The most important tool I have for washing my ebikes (and cars) is an air blower.  So many places for water to hide and sit to cause rust or prevent lubrication from penetrating.  I wash with microfiber towel+car soap, soft bristle brush on the tires, and rinse with low water pressure with nozzle on full spray.  I use my XPower A-2 Airrow Pro 2 speed electric air 90 CFM to blow out any water from frame, brakes, spokes, chain, derailleur, etc...  I also use my air blower if I'm caught in rain storm on my ebikes to speed up the drying process.
2023 Himiway Cobra Pro, two 2018/2023 Radcity Step-Thru, & two 2016 Radrovers


I've ridden daily for three years. I have a Radrunner, a Radmission, and an Aventon Abound. I've never bothered to dry them. A Radrunner controller gets any water picked up by the front tire, and I did have trouble with an aftermarket controller until I sealed it with RTV.

The only rust I recall were spots on maybe 4 outboard rails of the Radrunner chain. I would wipe the chain after applying Finish Line dry lube, and I think I'd wiped the protection off come links. After that, I made it a point not to wipe until the vehicle had evaporated. I haven't seen any more rust.

Aventon is so confident that they say parking in the rain is fine.

John Rose

In the assembly instructions they say:
QuoteWARNING: Donot touch the brake rotor, which has sharp edges and can cause serious injury. Touching the brake rotor or brake pads with bare skin can also transfer natural oils. Oils or other lubricants can decrease braking performance. We recommend wearing protective gloves when working near the braking system.
Sharpness of edges aside, if touching them with bare hands is a no-no what about wiping off mud spatters?
I kinda' think they're being a bit overly cautious about fingerprints.
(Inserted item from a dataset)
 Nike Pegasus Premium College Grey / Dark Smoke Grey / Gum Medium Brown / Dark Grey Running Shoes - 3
Today I just wiped down one of our bikes with a dish cloth rinsed in a bucket of warm water. I'll do the other (less muddy) bike tomorrow, then work on cleaning and lubing the chains, derailleurs, and gears.
Also wipe the brake rotors with 99% isopropyl.
RadMini ST 2 / RadExpand 5


My calipers wipe off the disks. Don't yours? If I saw dried mud, I'd start with a brush.
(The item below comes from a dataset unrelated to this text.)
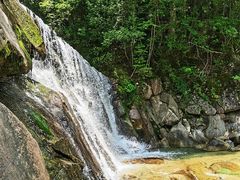 -光雾山旅游景区
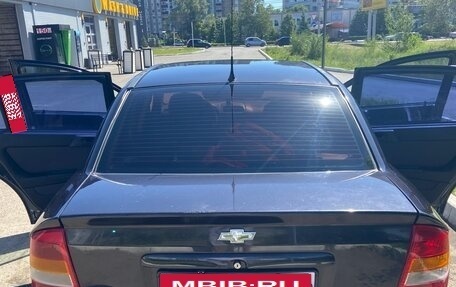 Chevrolet Viva, 2007 год, 450 000 рублей, 17 фотография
When I've felt uneven breaking ( changing friction as the disk rotates between the pads ), I've assumed I'd touched the disk with a finger, which could have a bit of oil or grease from working on the bike. I'd restore smooth braking by spraying a little contact cleaner on a paper towel and wiping the disk. Brake cleaner is a stronger solvent, but it's more likely to damage skin or bike parts.
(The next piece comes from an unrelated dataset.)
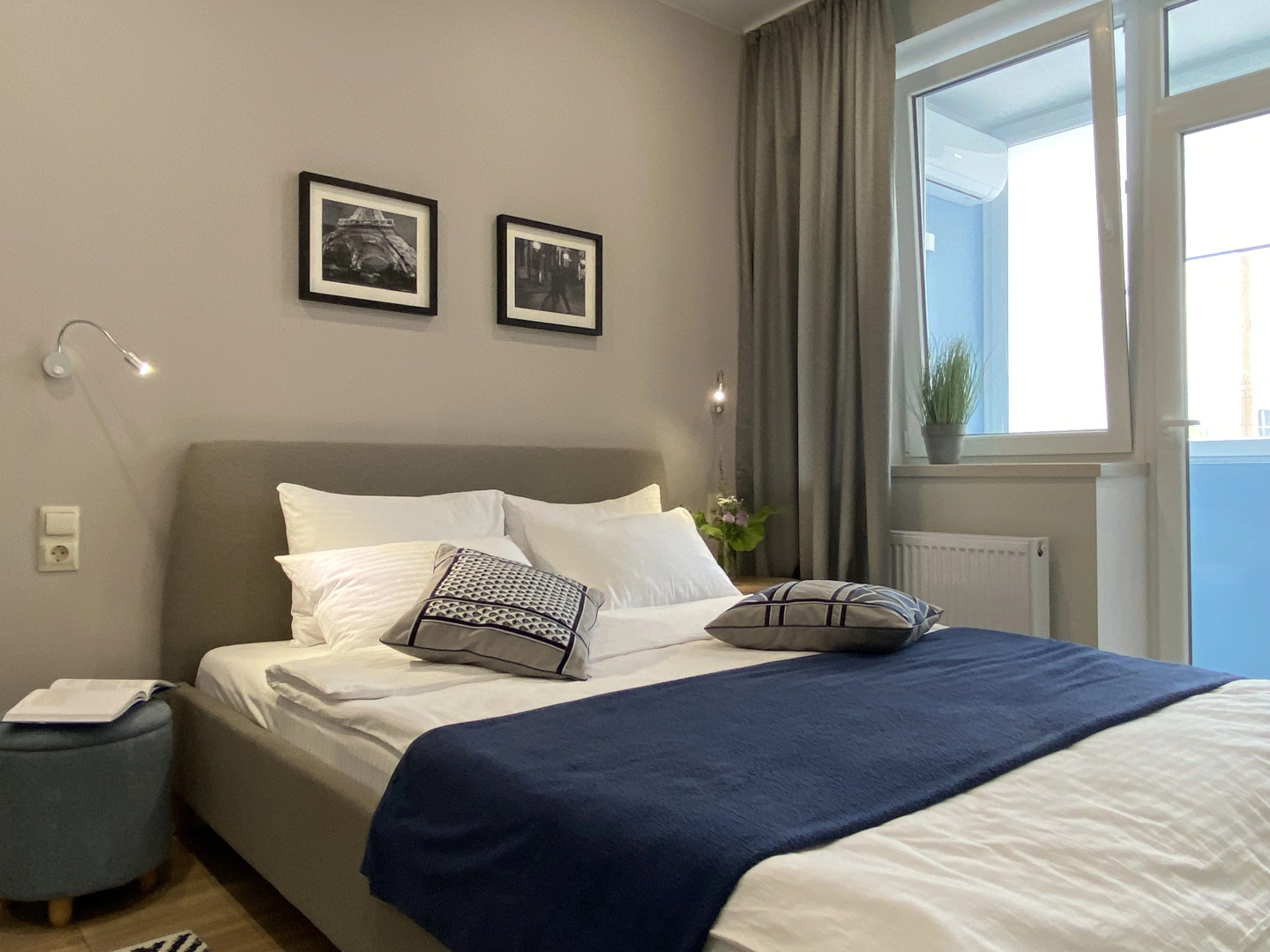 Квартира Живи на море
The dirtiest part of my bike used to be the grimy chain drive. It has stayed clean since I began using Finish Line Dry Lube. Maybe that's why it never occurs to me to wash any of my bikes: a clean chain makes a whole bike look clean.

After 3,000 Finish Line miles on one chain, I was obsessed. I bought a breaker and a master link. I put three layers of wire mesh in a coffee can, laid the neatly coiled chain on the mesh, and covered it with a couple of ounces of gasoline. I covered the can to reduce evaporation and let it soak two hours with periodic agitation. That was how we did it in the old days. The solvent would turn black, and lots of grit would settle through the mesh to the bottom.

I hung the chain to dry and poured out the opaque gasoline carefully so as not to disturb what had settled through mesh. I picked up the mesh and found that nothing had settled except what looked like rust stains on the plastic. The next day, when it was dry, I picked up some of the stain on my fingertip. It wasn't gritty but soft. It looked and felt like cocoa powder. Is cocoa powder the miracle lube of the 21st Century?

This stuff keeps chains smooth, quiet, and rust-free, and it seems to repel grit. I've found it cheap to use. I use a 25-gauge needle to apply it drop by drop.